If you work in fintech, you've probably heard a lot about KYC (Know Your Customer) requirements, which include customer due diligence (CDD) and its more detailed counterpart, enhanced due diligence (EDD).
Now, both CDD and EDD are trying to accomplish the same basic thing: figuring out who your customers really are and whether they pose any risks. But here's the thing: they're not the same process, and knowing when to use which one can make or break your compliance program. Let's break down what makes them different, when you actually need to use each one, and how you can build them into your compliance strategy.
What Is Customer Due Diligence (CDD)?
Customer due diligence is like a background check on new customers. When someone wants to use your financial services, you need to verify who they are and figure out what kind of risk they might pose. This means gathering their basic info, double-checking that it's legit, and running them through various watchlists to see if they're on any sanctions lists or happen to be a politically exposed person (PEP)—that's someone in a prominent government position or connected to one.
CDD also requires building a risk profile that guides how the relationship is monitored over time. For fintech companies, it acts as the foundation for more advanced compliance measures when higher risk is identified.
Regly assists with this process by automating data collection, verification, and risk screening, allowing teams to build CDD into their onboarding workflows without manual bottlenecks.
When Does CDD Apply?
CDD applies at the start of any customer relationship involving regulated financial services. That includes opening an account, onboarding a legal entity, or initiating a one-time transaction that meets certain thresholds.

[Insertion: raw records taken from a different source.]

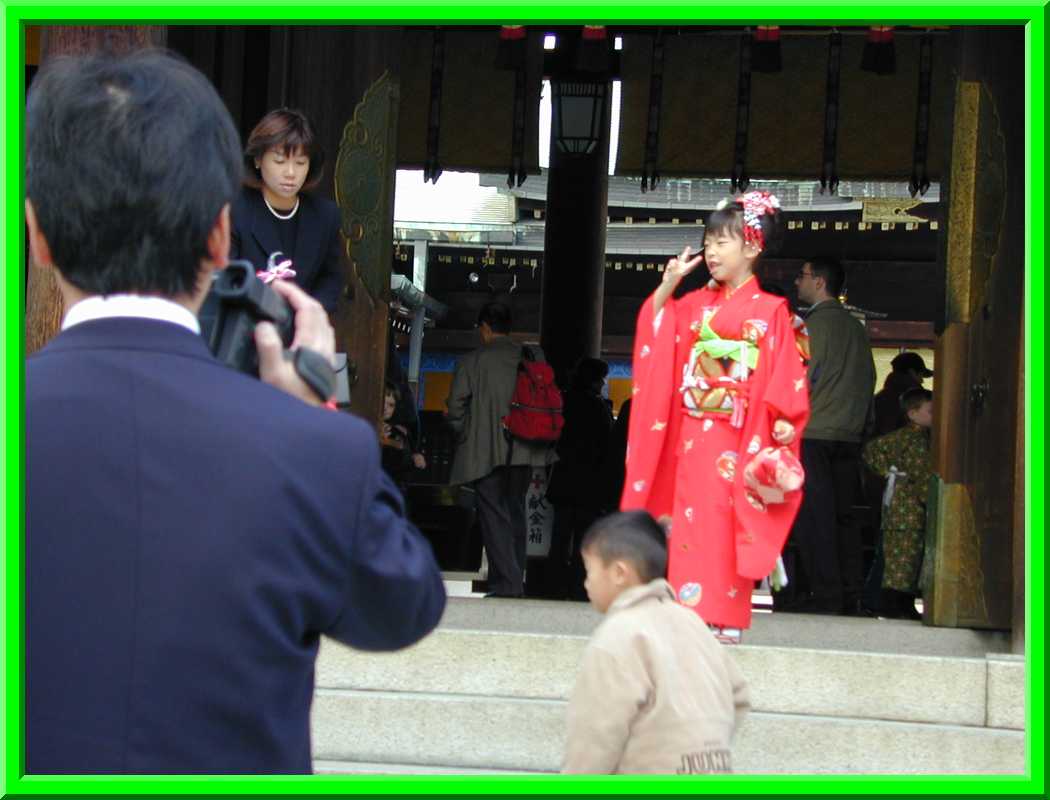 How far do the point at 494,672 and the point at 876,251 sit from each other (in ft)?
38.7

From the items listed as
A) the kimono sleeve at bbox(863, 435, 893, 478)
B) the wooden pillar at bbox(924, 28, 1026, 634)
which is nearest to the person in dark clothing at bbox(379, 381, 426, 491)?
the kimono sleeve at bbox(863, 435, 893, 478)

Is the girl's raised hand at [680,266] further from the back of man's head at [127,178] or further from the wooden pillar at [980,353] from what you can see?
the back of man's head at [127,178]

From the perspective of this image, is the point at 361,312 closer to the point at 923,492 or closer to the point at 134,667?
the point at 923,492

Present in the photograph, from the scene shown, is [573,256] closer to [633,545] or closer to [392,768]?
[392,768]

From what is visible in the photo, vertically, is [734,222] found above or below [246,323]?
above

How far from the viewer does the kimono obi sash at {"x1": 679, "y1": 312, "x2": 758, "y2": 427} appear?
19.1ft

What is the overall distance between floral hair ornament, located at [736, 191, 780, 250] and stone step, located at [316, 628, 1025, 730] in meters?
1.53

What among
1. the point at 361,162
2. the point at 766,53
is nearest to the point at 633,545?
the point at 361,162

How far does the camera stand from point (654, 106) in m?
11.8

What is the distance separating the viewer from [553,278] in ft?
41.9

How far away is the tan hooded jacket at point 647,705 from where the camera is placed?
346 centimetres

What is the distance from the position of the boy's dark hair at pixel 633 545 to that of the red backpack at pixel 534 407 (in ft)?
15.5

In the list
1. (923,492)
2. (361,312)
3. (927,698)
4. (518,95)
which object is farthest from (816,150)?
(927,698)

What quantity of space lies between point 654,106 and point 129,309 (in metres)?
10.2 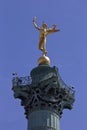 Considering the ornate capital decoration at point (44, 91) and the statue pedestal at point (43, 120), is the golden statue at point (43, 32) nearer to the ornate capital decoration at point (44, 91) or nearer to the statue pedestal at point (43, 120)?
the ornate capital decoration at point (44, 91)

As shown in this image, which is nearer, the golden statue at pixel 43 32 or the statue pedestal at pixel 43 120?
the statue pedestal at pixel 43 120

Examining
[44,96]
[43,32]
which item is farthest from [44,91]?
[43,32]

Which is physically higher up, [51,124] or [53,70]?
[53,70]

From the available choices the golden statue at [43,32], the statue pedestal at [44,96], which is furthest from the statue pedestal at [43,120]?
the golden statue at [43,32]

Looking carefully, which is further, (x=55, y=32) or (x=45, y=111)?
(x=55, y=32)

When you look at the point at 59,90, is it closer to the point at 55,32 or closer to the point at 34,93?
the point at 34,93

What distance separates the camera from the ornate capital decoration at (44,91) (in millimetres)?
54344

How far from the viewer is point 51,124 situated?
5309 cm

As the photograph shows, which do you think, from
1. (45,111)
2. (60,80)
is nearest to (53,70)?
(60,80)

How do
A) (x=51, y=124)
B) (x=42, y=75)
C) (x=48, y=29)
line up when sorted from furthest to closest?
1. (x=48, y=29)
2. (x=42, y=75)
3. (x=51, y=124)

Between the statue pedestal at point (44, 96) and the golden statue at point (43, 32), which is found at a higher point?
the golden statue at point (43, 32)

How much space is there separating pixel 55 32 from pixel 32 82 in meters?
7.43

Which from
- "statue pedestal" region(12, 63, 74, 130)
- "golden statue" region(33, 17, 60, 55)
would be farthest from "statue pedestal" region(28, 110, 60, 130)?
"golden statue" region(33, 17, 60, 55)

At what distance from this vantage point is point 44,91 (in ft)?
180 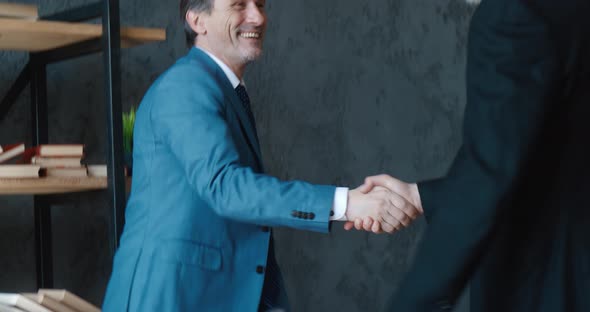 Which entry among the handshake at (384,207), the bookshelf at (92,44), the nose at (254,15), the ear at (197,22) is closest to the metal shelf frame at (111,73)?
the bookshelf at (92,44)

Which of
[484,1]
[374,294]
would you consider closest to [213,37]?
[484,1]

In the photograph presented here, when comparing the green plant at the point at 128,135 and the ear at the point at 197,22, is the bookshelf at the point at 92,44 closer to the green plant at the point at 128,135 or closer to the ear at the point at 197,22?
the green plant at the point at 128,135

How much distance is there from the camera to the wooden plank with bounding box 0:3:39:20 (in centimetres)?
267

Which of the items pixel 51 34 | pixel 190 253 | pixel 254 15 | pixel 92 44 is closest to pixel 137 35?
pixel 92 44

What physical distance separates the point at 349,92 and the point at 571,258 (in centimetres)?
228

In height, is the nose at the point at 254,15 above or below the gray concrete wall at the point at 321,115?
above

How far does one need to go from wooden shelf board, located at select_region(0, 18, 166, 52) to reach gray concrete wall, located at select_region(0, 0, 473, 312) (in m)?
0.71

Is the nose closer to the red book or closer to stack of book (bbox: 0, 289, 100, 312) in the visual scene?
the red book

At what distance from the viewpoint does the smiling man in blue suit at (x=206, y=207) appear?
194 centimetres

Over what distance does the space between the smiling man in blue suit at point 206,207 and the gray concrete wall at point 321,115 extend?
129cm

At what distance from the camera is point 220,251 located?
6.67 feet

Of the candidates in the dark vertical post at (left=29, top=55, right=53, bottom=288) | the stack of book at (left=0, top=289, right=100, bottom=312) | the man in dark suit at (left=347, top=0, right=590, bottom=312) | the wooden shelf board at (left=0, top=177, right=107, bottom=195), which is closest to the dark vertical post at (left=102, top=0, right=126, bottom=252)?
the wooden shelf board at (left=0, top=177, right=107, bottom=195)

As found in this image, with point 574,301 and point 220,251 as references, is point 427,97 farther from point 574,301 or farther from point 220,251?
point 574,301

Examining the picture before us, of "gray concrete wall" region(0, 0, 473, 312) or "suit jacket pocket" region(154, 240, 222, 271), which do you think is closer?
"suit jacket pocket" region(154, 240, 222, 271)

Beyond onboarding, CDD may be re-triggered if the customer’s risk profile changes. This could result from updated information, adverse media hits, new sanctions exposure, or unusual transaction patterns that require reassessment.
What Does CDD Involve?
CDD starts with collecting identity information and verifying it through trusted sources. For individuals, this includes name, date of birth, address, and a government-issued ID. If you're dealing with a business rather than an individual, you'll also need to determine how the company is structured and who owns and controls (the beneficial owners).
After you've confirmed someone's identity, the next step is running them through your risk screening process. This is where you check if they show up on any sanctions lists, other watchlists, or if they qualify as a PEP.

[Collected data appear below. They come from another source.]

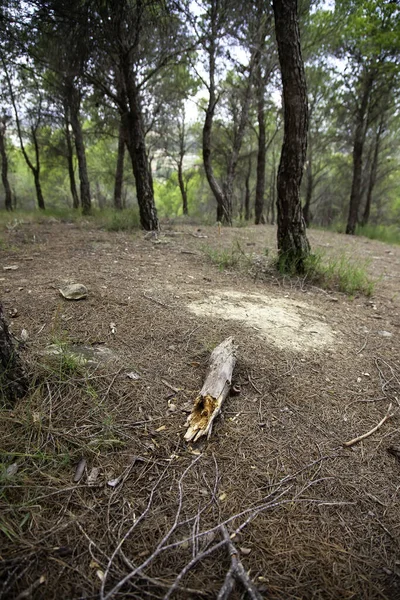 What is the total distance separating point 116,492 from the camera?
1331 mm

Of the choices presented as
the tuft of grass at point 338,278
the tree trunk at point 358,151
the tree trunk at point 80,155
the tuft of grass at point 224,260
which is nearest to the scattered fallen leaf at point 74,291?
the tuft of grass at point 224,260

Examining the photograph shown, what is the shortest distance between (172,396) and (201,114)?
2068 cm

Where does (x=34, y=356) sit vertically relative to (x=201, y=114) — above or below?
below

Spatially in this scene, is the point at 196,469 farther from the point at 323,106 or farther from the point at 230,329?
the point at 323,106

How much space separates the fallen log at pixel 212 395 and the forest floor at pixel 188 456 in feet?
0.22

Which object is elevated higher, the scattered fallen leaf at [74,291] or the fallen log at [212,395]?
the scattered fallen leaf at [74,291]

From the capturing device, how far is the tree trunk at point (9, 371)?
1587 millimetres

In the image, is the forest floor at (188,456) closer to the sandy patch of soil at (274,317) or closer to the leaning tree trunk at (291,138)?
the sandy patch of soil at (274,317)

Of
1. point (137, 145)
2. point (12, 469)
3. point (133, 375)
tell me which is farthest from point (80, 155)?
point (12, 469)

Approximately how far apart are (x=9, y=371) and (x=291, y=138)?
166 inches

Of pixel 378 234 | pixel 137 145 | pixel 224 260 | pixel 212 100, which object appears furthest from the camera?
pixel 378 234

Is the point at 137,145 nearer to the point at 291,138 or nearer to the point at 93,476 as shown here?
the point at 291,138

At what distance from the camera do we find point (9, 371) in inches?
63.8

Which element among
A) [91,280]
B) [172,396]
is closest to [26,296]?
[91,280] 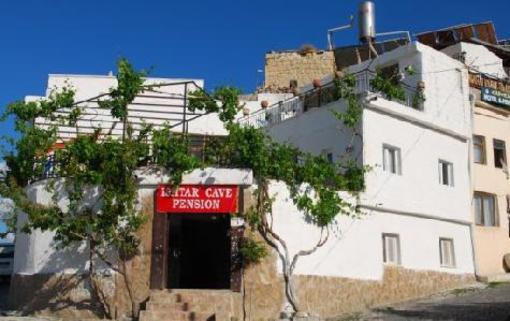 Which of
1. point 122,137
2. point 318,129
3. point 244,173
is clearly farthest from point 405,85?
point 122,137

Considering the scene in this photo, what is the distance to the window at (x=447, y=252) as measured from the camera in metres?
20.5

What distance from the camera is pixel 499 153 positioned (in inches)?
922

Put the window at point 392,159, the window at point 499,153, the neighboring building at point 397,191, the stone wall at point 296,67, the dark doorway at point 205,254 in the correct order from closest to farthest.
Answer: the neighboring building at point 397,191, the window at point 392,159, the dark doorway at point 205,254, the window at point 499,153, the stone wall at point 296,67

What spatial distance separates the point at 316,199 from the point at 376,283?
3110mm

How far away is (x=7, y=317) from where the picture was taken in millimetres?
15992

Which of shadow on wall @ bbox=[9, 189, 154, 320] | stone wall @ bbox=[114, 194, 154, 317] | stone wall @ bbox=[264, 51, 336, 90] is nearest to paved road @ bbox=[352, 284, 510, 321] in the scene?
stone wall @ bbox=[114, 194, 154, 317]

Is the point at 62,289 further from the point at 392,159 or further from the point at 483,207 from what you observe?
the point at 483,207

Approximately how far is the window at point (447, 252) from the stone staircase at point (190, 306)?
8455 mm

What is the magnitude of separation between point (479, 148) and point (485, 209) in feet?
7.46

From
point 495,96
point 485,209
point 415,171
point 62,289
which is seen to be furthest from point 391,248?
point 62,289

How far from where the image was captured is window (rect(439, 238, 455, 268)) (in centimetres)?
2053

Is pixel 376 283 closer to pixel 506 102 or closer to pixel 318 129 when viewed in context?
pixel 318 129

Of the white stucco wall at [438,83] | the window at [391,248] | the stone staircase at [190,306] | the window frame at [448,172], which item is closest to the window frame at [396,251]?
the window at [391,248]

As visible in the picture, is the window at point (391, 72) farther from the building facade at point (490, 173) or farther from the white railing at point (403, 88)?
the building facade at point (490, 173) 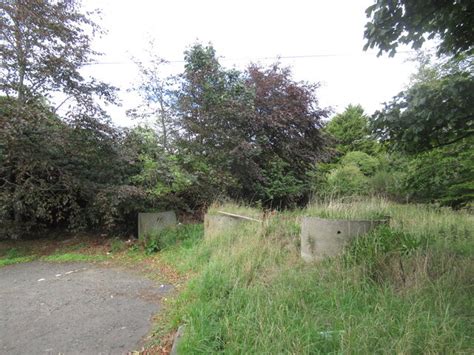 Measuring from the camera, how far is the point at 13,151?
589 centimetres

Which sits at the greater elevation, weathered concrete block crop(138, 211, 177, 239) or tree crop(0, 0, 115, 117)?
tree crop(0, 0, 115, 117)

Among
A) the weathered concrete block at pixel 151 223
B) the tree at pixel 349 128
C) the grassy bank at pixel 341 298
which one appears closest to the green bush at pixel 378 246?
the grassy bank at pixel 341 298

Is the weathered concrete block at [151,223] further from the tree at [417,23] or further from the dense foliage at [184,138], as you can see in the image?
the tree at [417,23]

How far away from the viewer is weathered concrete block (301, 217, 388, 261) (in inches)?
155

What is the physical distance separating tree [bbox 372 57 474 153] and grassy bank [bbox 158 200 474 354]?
1112mm

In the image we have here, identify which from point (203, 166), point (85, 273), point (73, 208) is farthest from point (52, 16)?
point (85, 273)

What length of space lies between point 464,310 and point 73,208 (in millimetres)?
6727

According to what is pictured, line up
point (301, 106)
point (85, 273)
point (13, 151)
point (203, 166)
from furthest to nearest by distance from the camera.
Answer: point (301, 106) < point (203, 166) < point (13, 151) < point (85, 273)

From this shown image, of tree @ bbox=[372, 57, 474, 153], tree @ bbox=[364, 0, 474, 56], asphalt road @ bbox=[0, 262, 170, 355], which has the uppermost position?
tree @ bbox=[364, 0, 474, 56]

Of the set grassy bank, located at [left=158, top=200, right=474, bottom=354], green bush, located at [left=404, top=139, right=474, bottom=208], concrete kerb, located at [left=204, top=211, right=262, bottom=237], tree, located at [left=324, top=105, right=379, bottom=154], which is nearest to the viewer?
grassy bank, located at [left=158, top=200, right=474, bottom=354]

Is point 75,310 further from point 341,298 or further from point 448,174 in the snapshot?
point 448,174

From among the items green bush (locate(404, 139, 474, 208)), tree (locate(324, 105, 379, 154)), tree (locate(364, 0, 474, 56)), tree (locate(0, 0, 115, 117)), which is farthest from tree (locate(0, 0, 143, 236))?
tree (locate(324, 105, 379, 154))

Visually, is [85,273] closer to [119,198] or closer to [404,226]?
[119,198]

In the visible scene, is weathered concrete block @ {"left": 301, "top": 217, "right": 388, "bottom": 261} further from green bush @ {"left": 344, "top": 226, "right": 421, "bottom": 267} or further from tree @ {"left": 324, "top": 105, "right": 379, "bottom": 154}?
tree @ {"left": 324, "top": 105, "right": 379, "bottom": 154}
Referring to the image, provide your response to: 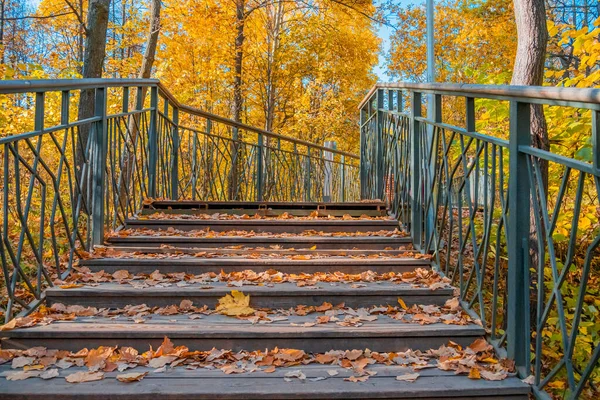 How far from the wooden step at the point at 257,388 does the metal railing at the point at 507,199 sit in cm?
28

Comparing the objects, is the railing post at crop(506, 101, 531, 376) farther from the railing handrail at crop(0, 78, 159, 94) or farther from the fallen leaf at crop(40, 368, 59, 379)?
the railing handrail at crop(0, 78, 159, 94)

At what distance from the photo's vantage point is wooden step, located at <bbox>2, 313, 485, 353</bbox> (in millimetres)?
2641

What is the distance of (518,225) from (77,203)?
2.78 metres

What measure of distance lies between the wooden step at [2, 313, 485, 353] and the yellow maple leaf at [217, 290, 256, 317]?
0.78 ft

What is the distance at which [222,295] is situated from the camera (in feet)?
10.3

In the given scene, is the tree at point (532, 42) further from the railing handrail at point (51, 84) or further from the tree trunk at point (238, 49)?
the tree trunk at point (238, 49)

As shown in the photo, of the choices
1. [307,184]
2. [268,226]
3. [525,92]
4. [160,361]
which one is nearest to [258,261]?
[268,226]

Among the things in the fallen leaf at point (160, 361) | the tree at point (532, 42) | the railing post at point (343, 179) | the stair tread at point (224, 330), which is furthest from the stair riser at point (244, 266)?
the railing post at point (343, 179)

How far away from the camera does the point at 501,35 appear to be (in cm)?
1594

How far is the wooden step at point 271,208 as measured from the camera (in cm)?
515

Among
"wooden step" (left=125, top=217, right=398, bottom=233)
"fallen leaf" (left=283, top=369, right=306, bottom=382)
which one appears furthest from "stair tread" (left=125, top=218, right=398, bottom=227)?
"fallen leaf" (left=283, top=369, right=306, bottom=382)

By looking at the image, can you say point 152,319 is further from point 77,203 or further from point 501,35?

Core components of CDD include:
Identity verification using reliable data or documentation
Sanctions and PEP screening to assess exposure to financial crime risk
Beneficial ownership identification for legal entities
Risk profiling based on customer type, geography, and intended use
Recordkeeping to support internal decisions and regulatory audits
What you end up with is a risk profile that informs how the customer is monitored over time. Automation can speed up the checks, but compliance teams are still responsible for policy design and oversight.
What Is Enhanced Due Diligence (EDD)?
So, that’s CDD. Enhanced due diligence, on the other hand, is a structured process used to assess customers or transactions that have a higher risk of money laundering, fraud, or other financial crimes. Here, you’re collecting more information, verifying it through trusted sources, and keeping a closer eye on them for as long as they’re your customer.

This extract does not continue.